王都内とは違い、道がしっかり整備されていないからよく揺れるんだよな。
それに加えてあんなの見せられたら、もらい嘔吐するところだった。
……さーて、次はどの馬車に乗ればいいのかな。
ライゼンブルクからムーンラルクまで直通で行ける交通馬車はないので、乗り換えていかなければならない。
俺は前夜に調べておいたルートを確認し、それに従って進んでいった。
「あっ、どうも〜。先程は、その……すみませんでした」
「げっ」
なんとか次の馬車停に着くと、さっきのゲロ野郎がそこにいた。
俺を見るや腰掛け椅子から立ち上がり、もじもじしながら ペコリ、と一礼してきた。
あんな状態だったのに、よく乗ってた人の顔なんて覚えてたなこいつ……。
「あー、えーっと、君どこまで行くの?」
「えっと、そ、その、む、ムーンラルクまで、です」
はい。残酷な旅は続くようです。
今度こそ一本ずらしていこうかな。
「そ、そうなんだ。まだ小さいのに大変だね」
「小さくないです! もう12です! 近々ある試験に受かったら騎士見習いにだってなるんです!」
お子様扱いされたことが癇に障ったのか、さっきまでのゲロ野郎で弱々しい声を発していた人物とは思えないような表情で怒られた。
ってえっ? 12歳?? 同い年??
……それより、騎士見習い????
「騎士見習いってもしかして養成学生のこと言ってる?」
「はい! そうです!」
この人はなにか勘違いしている気がする。入った時点で騎士見習いになるのは王都の学校だけだ。地方の学校では一定以上の成果を出さないとなれない。

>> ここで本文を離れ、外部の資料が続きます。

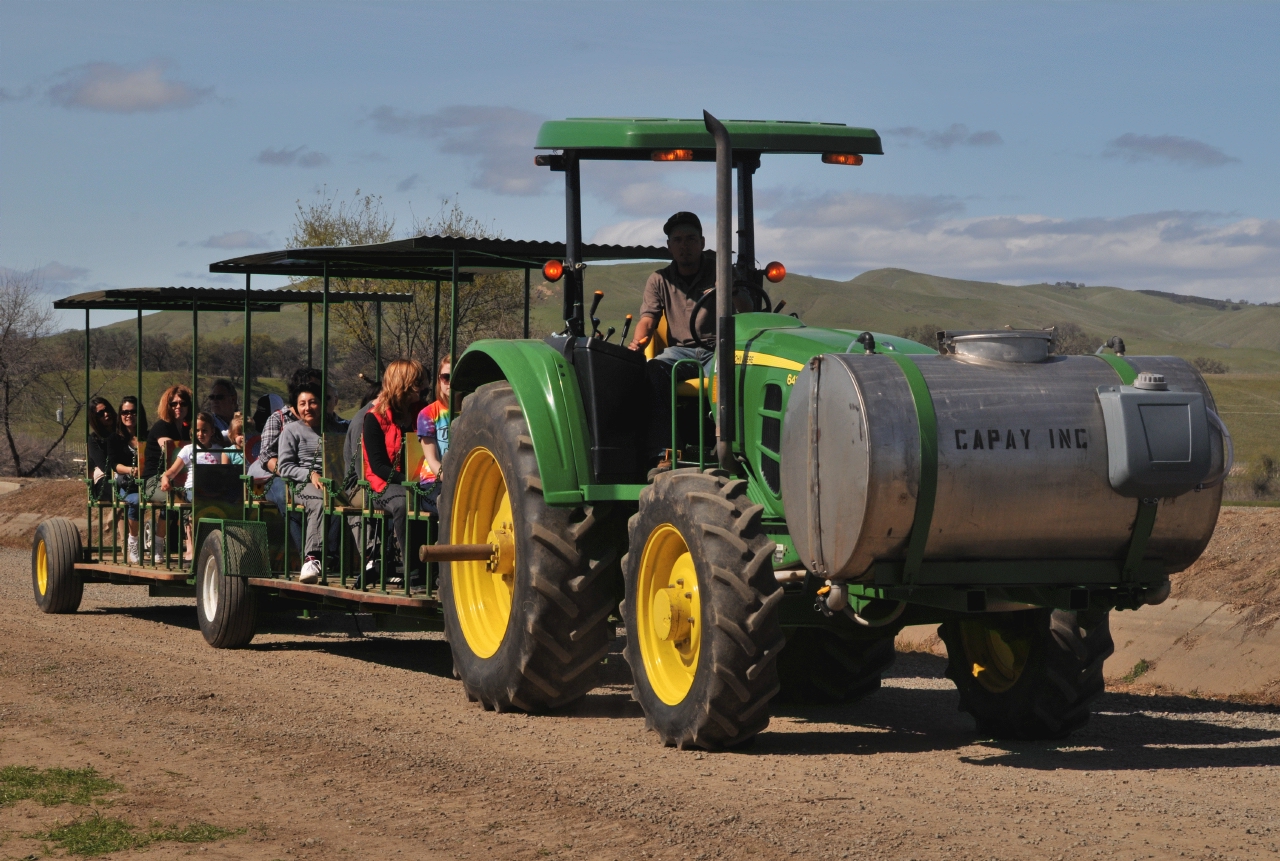 ./Capay_Farm_Train_20110312_134014_B11_3721.jpg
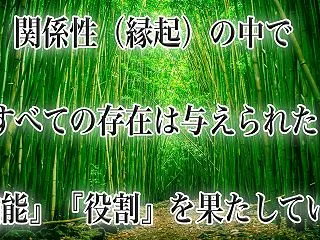 自然の摂理を知り、真我の流れに自我を調和…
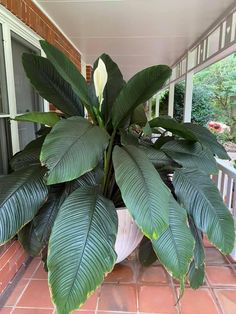 a potted plant sitting on the front porch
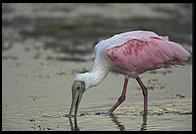 Roseate Spoonbill, Ding Darling Wildlife Refuge, Sanibel Island, Florida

そのことを伝えると、最初は「またまたぁ〜」と軽いジョークを流すような態度をしていたが、こちらが真顔でいると、だんだんと、目が泳ぎ出した。
「…あの、ほんとに?」
「ほんとに」
「う、うそだぁああああ! ちゃんと調べたのに!!」
真実を受け入れたのか、あたふたした後に肩を落とした。
「ま、まぁ、なんだ、その…俺もムーンラルクの学校受けに行くんだ。一緒だな」
「え、あなたも受けるんですか!? よかったぁ〜! 一人ですごく心細かったんです! よろしければ一緒に行きましょうよ!」
さっきまではフードを深く被って下を向きがちだった少年だが、同じ目的を持った人に会えたのが嬉しかったのか、落ち込んでいたのが嘘みたいに元気よく青い瞳を輝かせていた。
——この時、俺の中には二つの感情がぶつかっていた。
たしかに俺も一人で寂しいし、心細いということもある。
でもだからと言ってこの人と一緒に馬車に乗って行くとなると、悲惨なことになるのは火を見るより明らかだ。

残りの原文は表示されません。